Remember when the now-retired Bob Lutz spilled the beans on GM’s plans to euthanize its current mediocre mid-size truck offerings in North America by 2012? According to new reports, The General is looking to stay in the segment with an all-new pickup design, with the trucks said to be a modern take on the size and style of the original S10 pickup of yore.
Within the past few years, sales and market share of the GMC Canyon and Chevy Colorado fraternal twins have taken an abrupt dive. Currently, sales of the GMC Canyon are off 28.5 percent from a year ago, while those of the Chevy Colorado are down 30.3 percent from the same time. Their market share has been swallowed by today’s two biggest players in the segment: the domestic gray-haired Ford Ranger and the 100,000 unit-per-year juggernaut that is the Toyota Tacoma.
As it stands right now, Ford looks to do away with the storied Ranger and the Tacoma seems to be too large and expensive for the segment, even though it’s selling in good quantities. Interestingly, even full-size pickups have taken a share of the midsize and compact segments due to the proximity in price of a decently-contended mid-size pick-up compared to a base full-size half-ton. In fact, just 87,985 small and mid-level trucks have been sold in 2010 as of April. Current market conditions offer a perfect opportunity for a brand such as Chevy and/or GMC to enter the fray and change the game with a standout offering.

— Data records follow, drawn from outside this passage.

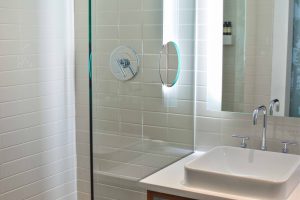 Read more about the article A Hotel Bathroom Hack For Your Toothbrush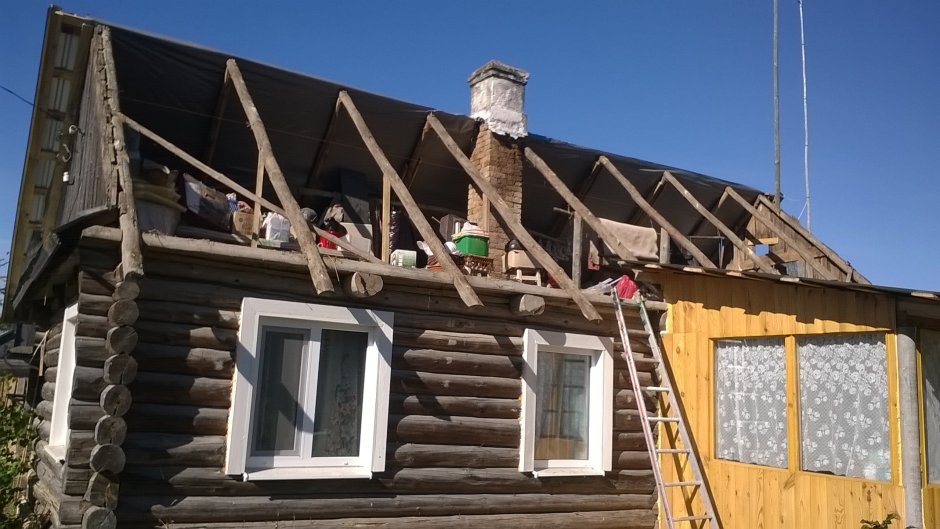 Крыши старых деревянных домов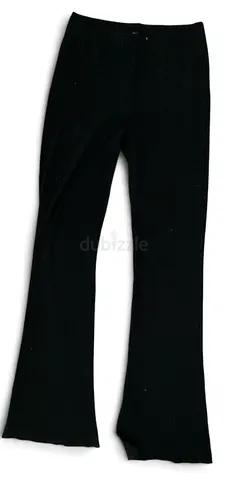 Amisu (New Yorker) black ribbed flare pants - size M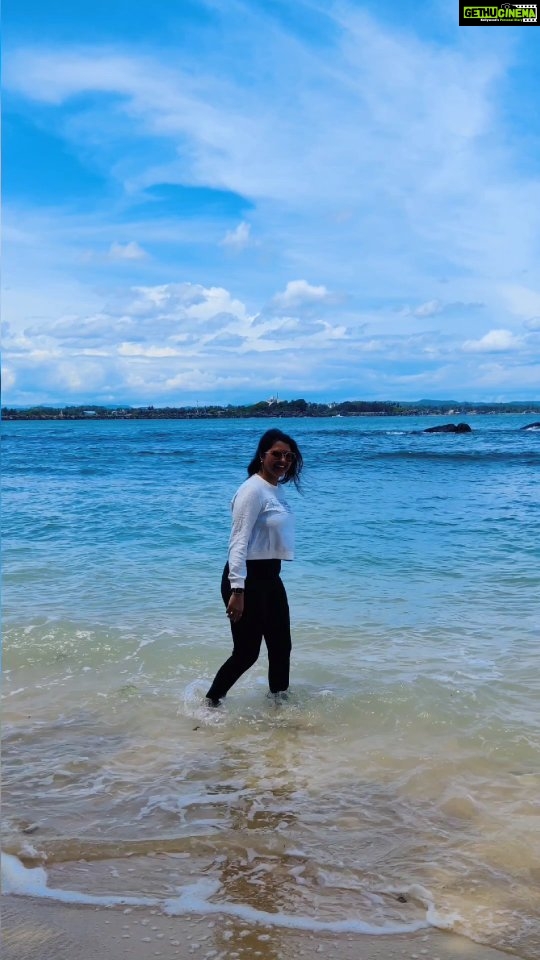 Rachitha Mahalakshmi Instagram - Let d Waves set you free..... 😇😇😇😇😇 Srilanka vibes ✌️😇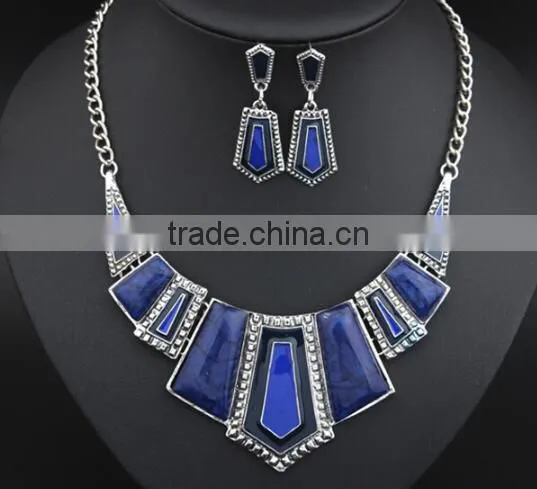 Zm33252a Hot Selling Vintage Jewelry Accessory Resin Necklace and Earring Set photo-2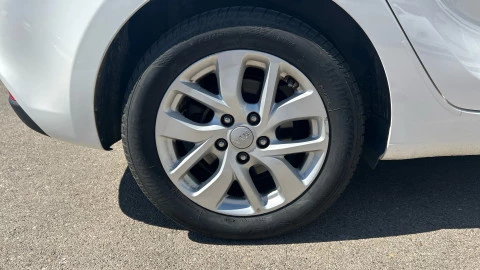 Kia Carens 1.6 GDi 99kW (135CV) Concept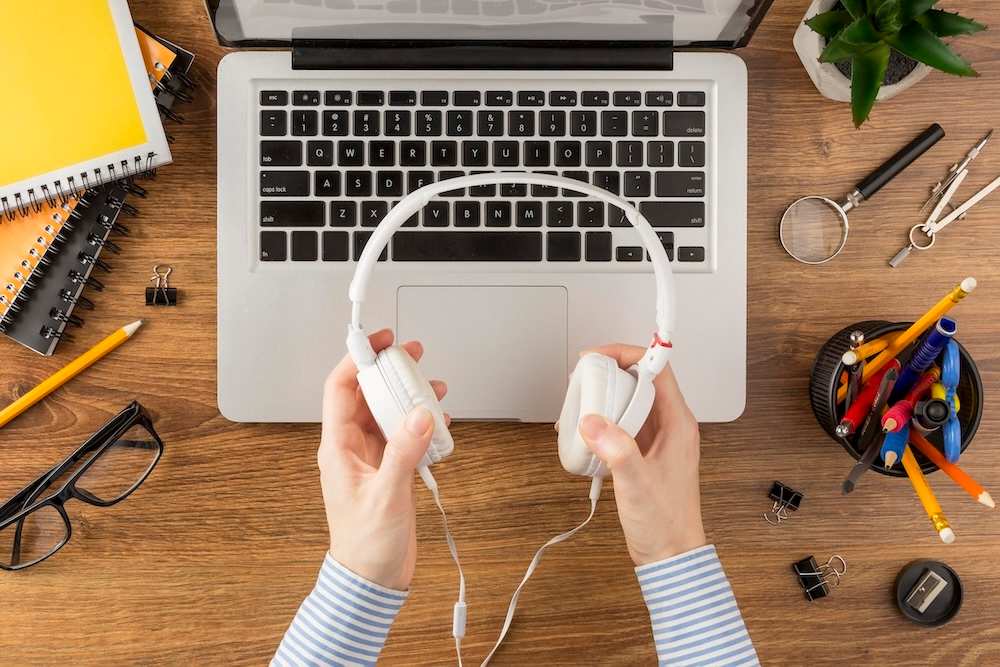 headphone jack not working windows 10 pro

A few items that will make GM’s future midsize truck endeavor a success include a fuel economy that’s superior to and a sticker price that’s significantly less than its full-size offerings. Oh, and the North American version is also said to be different than the next-generation Colorado that will be built in Thailand and sold globally (save for North America). This makes us wonder whether the new small pickups will be truck- or car-based. In this case, it looks like only time will tell.